╭─ Data

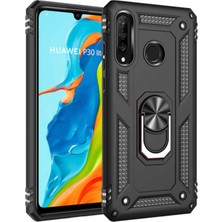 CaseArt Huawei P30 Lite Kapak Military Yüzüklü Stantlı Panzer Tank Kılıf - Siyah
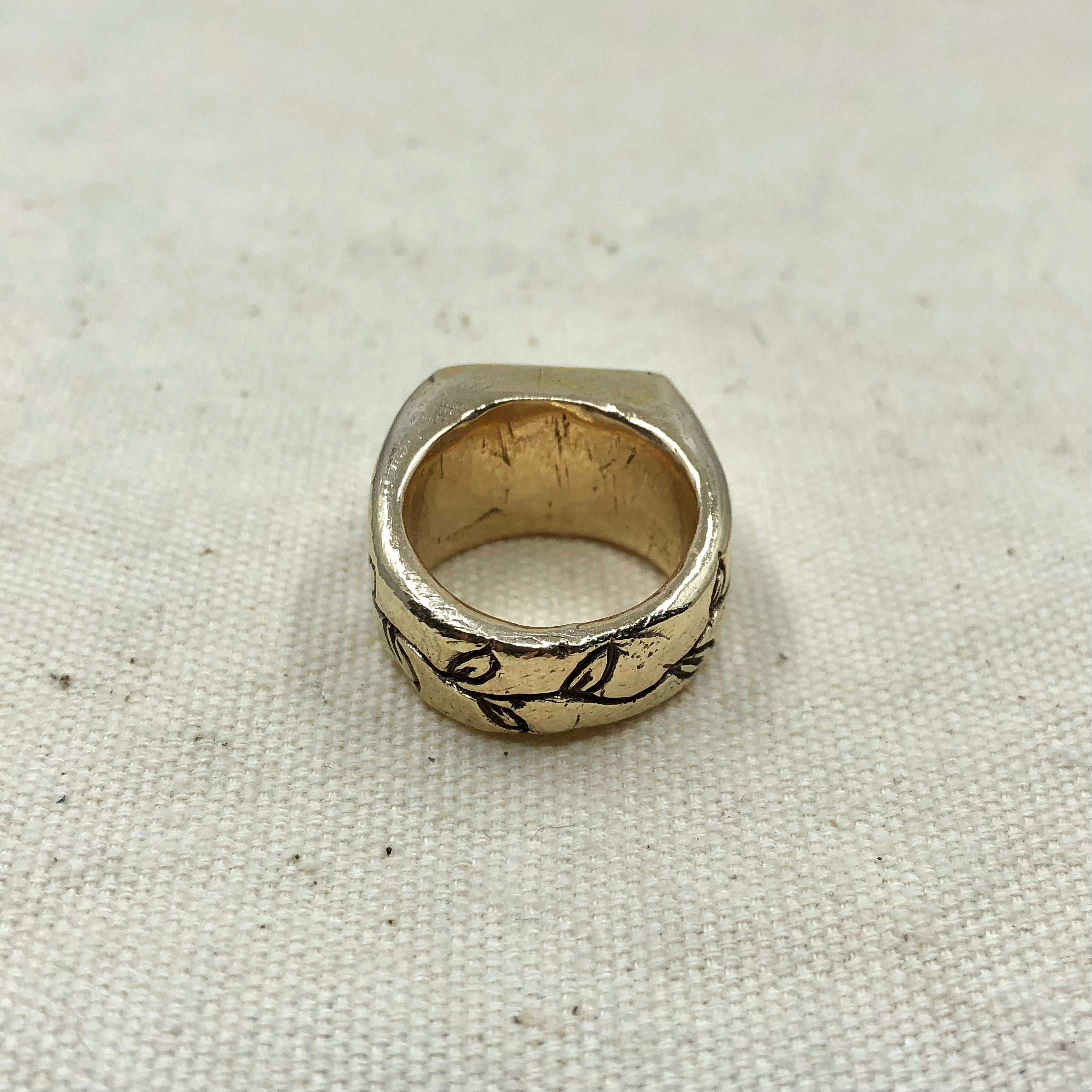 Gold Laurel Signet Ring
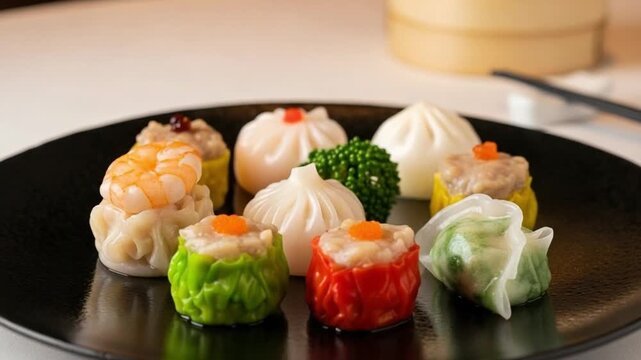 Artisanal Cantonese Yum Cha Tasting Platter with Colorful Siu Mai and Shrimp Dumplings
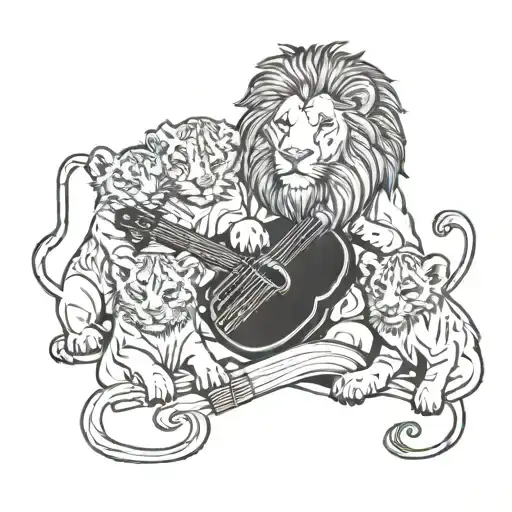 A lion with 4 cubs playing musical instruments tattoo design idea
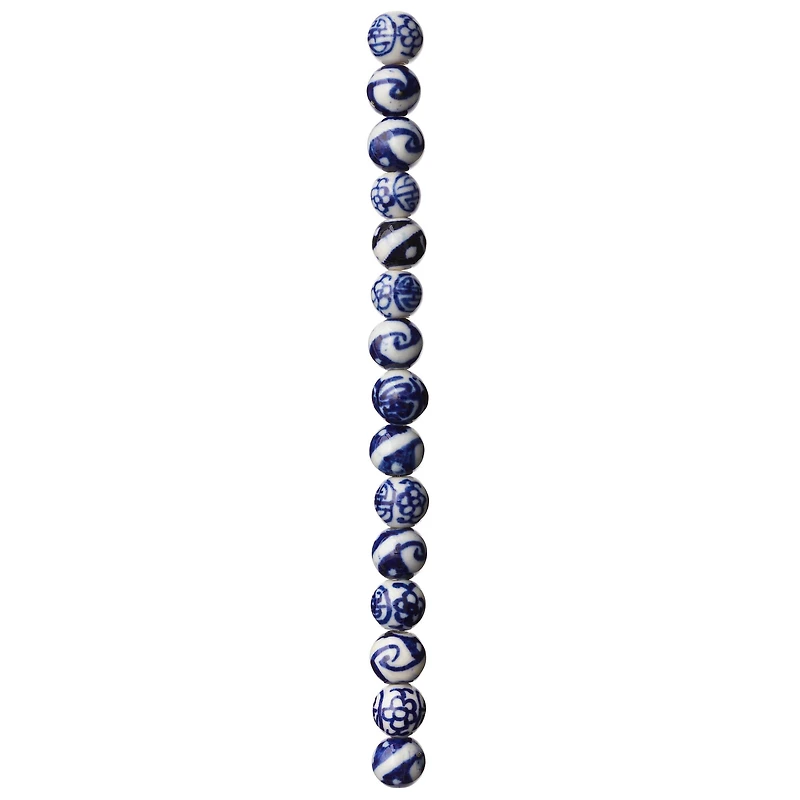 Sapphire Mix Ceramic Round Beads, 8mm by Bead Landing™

╰─
╭─ Data

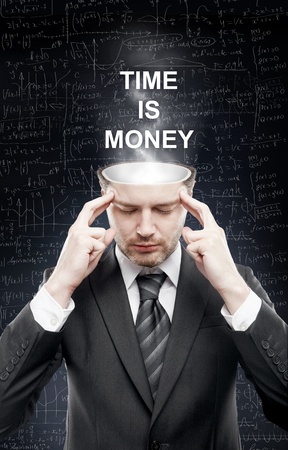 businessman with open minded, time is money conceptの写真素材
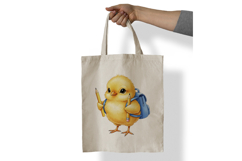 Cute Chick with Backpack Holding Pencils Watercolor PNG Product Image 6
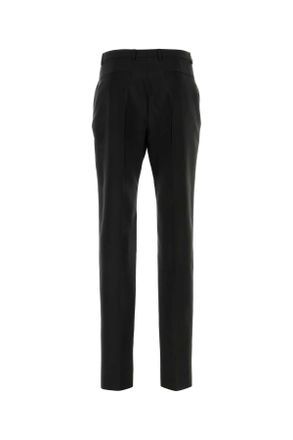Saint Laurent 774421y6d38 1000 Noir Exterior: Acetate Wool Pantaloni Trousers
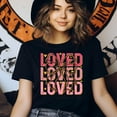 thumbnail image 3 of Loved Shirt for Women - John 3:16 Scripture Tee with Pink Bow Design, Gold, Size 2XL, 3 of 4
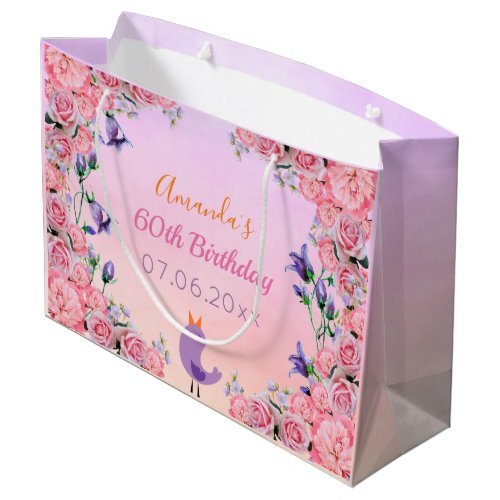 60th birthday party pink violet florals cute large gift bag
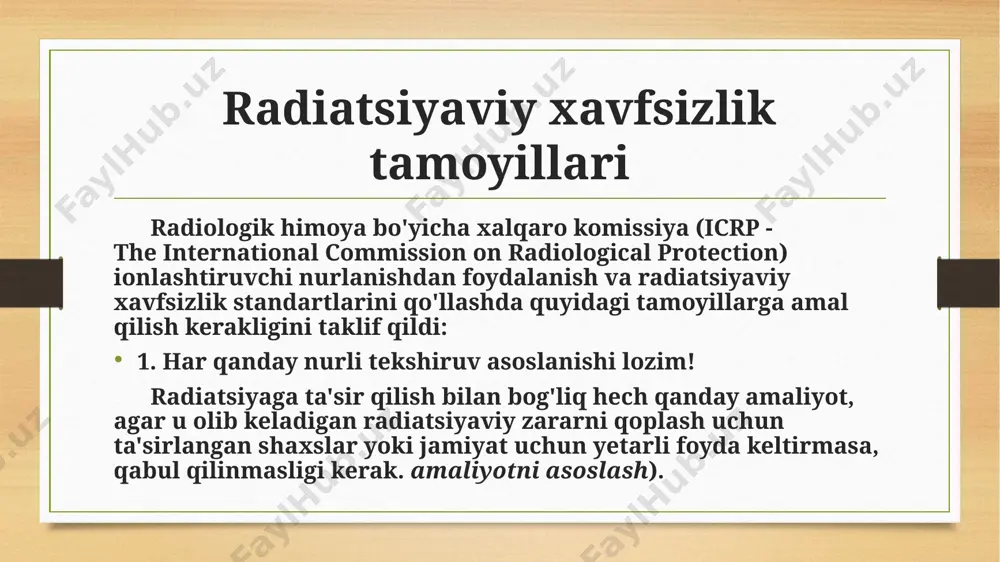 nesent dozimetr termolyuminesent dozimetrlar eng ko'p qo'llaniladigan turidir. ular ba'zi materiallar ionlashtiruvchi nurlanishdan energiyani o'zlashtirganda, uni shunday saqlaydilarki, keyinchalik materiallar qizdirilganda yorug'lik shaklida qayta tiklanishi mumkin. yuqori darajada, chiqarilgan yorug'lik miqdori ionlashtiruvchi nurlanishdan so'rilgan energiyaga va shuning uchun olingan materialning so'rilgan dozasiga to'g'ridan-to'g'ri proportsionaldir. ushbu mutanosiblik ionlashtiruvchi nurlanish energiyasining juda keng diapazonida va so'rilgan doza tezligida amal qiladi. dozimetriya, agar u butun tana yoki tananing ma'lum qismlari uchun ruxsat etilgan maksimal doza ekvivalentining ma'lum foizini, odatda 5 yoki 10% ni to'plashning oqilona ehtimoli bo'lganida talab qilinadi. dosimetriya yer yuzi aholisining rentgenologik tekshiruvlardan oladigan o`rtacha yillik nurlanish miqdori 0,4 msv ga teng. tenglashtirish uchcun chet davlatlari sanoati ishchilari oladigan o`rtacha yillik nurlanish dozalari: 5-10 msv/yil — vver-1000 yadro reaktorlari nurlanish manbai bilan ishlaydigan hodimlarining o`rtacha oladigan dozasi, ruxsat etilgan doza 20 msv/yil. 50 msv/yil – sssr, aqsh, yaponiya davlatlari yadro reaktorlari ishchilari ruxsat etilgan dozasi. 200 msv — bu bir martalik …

╰─

Exercise directions. I'd like the lines above repeated exactly, from the one that contains "thumbnail image 3" through the one that contains "60th birthday party", with no pictures.

Task response.
 thumbnail image 3 of Loved Shirt for Women - John 3:16 Scripture Tee with Pink Bow Design, Gold, Size 2XL, 3 of 4
 60th birthday party pink violet florals cute large gift bag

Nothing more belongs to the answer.